Thursday afternoon, more than 300 people attended Law professor Catharine A. MacKinnon’s lecture titled “Sexual Harassment: The Law, the Politics and the Movement.” The lecture focused on feminist topics such as the recent #MeToo cultural movement and the potential shift of women’s roles in society. MacKinnon gears much of her work around issues of sex equality, especially in regards to international and domestic law.

In addition to the lecture, MacKinnon also promoted her new book, titled “Butterfly Politics: Changing the World for Women,” which discusses the shifts in social roles toward female empowerment prompted by the years of women’s protests and actions that culminated into the #MeToo movement.

LSA freshman Bethany Ruiz said she read one of MacKinnon’s texts in her Women’s Studies class, and so her professor encouraged her class to hear MacKinnon speak firsthand.  

“Instead of going to my normal women’s studies lecture, our professor is having us come here,” Ruiz said. “We read a piece by MacKinnon called ‘Privacy v. Equality: Beyond Roe v. Wade’ and she thought it would be a cool experience to come and see her (MacKinnon).”

Lisa Young Larance, graduate student instructor in the Women’s Studies Department and doctoral candidate in the joint Social Work and Sociology program, also attended the event and expressed her respect for MacKinnon’s beliefs.

“I admire Professor Catharine MacKinnon for the position she has had and taken in framing our understanding of gender and the law, whether or not people continue to agree with her decisions on issues,” Larance said.

MacKinnon spoke on the political, cultural and legislative changes resulting from women discussing their experiences with sexual abuse in society.
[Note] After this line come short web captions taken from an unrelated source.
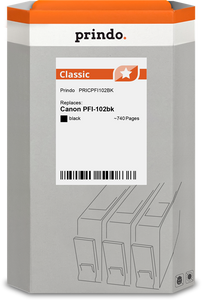 prindo-classic-schwarz-druckerpatrone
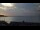 Webcam in Filey, 23.6 mi away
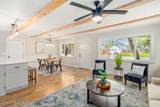 1325 Cedar St - Photo 6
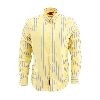 Picture of Giovane Gentile Shirt
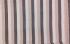 BEDSHEET STRIPE 90X108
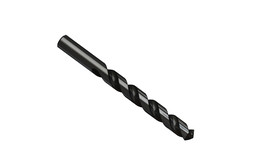 13mm��ͷ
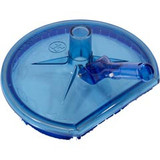 Hayward SP1067 Power-Vac W/2 Hole Brkt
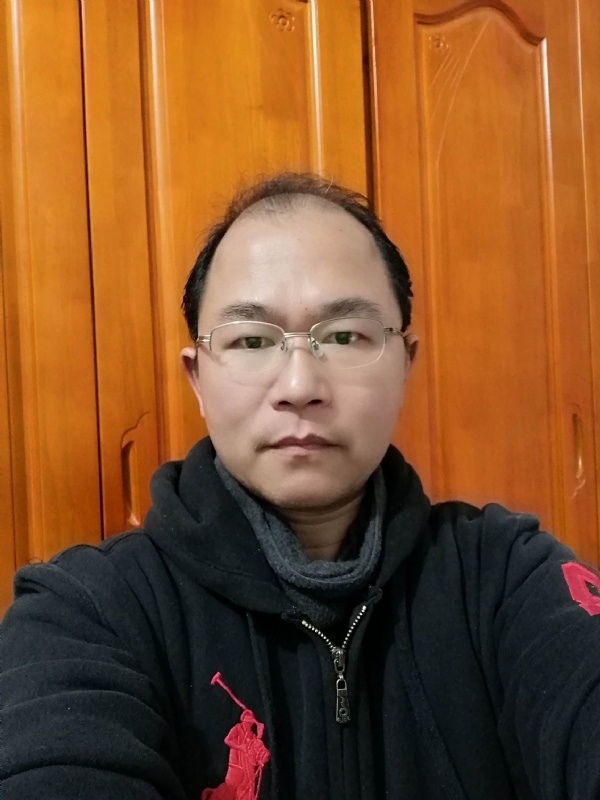 wenning的第一张照片--长汀交友网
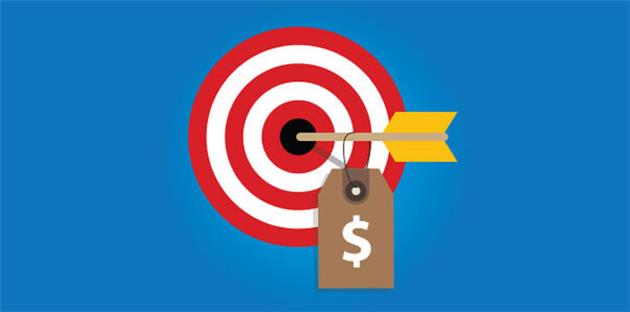 قیمت طراحی لوگو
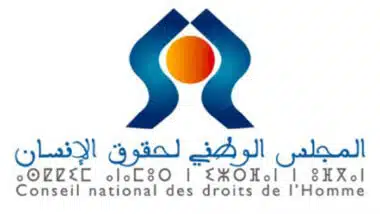 GenZ. Le CNDH plaide pour les rassemblements pacifiques et met en garde contre l’incitation à la violence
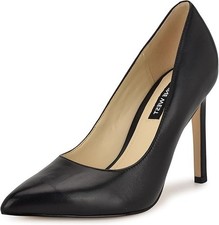 Nine West Women's Tatiana Pump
In light of the wider issues surrounding the social media #MeToo movement, MacKinnon highlighted how the legal definition of “sexual harassment” as a human rights violation allowed for the movement to take place.

“This was first a legal breakthrough, really,” said MacKinnon. “The legal breakthrough that defines ‘sexual harassment’ as sex discrimination, as a human rights violation, and it’s my view that this was a crucial precondition to the #MeToo cultural transformation, despite the inadequacies of law that that movement has carefully highlighted.”

She defined this incoming structural change as a “butterfly effect.” She explained many factors have set off other events in an unstable environment, which have come together to excite an immense cultural shift.

“Inspired by a butterfly in Brazil, the title models how extremely small, simple actions when properly targeted under the right conditions, particularly under unstable conditions, can come to have highly complex and large effects,” said MacKinnon. “Butterfly politics in my adaptation of this concept comes to transformation in the gender system.”

MacKinnon then highlighted the important role of journalists in supporting women who communicated their frustration, elevating their issues to national prominence.

“Journalists are … persistently tracking down supporting evidence of the women’s accounts, reporting survivor’s own compelling voices, often accompanied by dignified and empowering visuals … Reporters at long last have discovered that sexual abuse is a story, with legs even, and they have refused to let the story die or the voices telling it,” MacKinnon said.

She ended by describing that the overall goal of this movement was a peaceful revolution and reminded the audience they were on the right track toward change.

“Imagine a revolution without violence against domination and aggression,” MacKinnon said. “Envision a moment of truth and a movement of transformation for the sexually violated toward a more equal, therefore more peaceful and just, world. It is happening all around us. Right now.”

LSA sophomore Elijah Baylark told The Daily after the lecture that it made him reflect on his family, which is mostly made up of women, and echoed his respect toward the women seeking empowerment.

“For me, personally, growing up with women, I think it is really powerful,” said Baylark. “Like men who have daughters, like me — I have a niece and I have two sisters — and to actually see women rising up to the occasion and standing up for what they believe in shows us that they are just as capable as their counterparts in males.”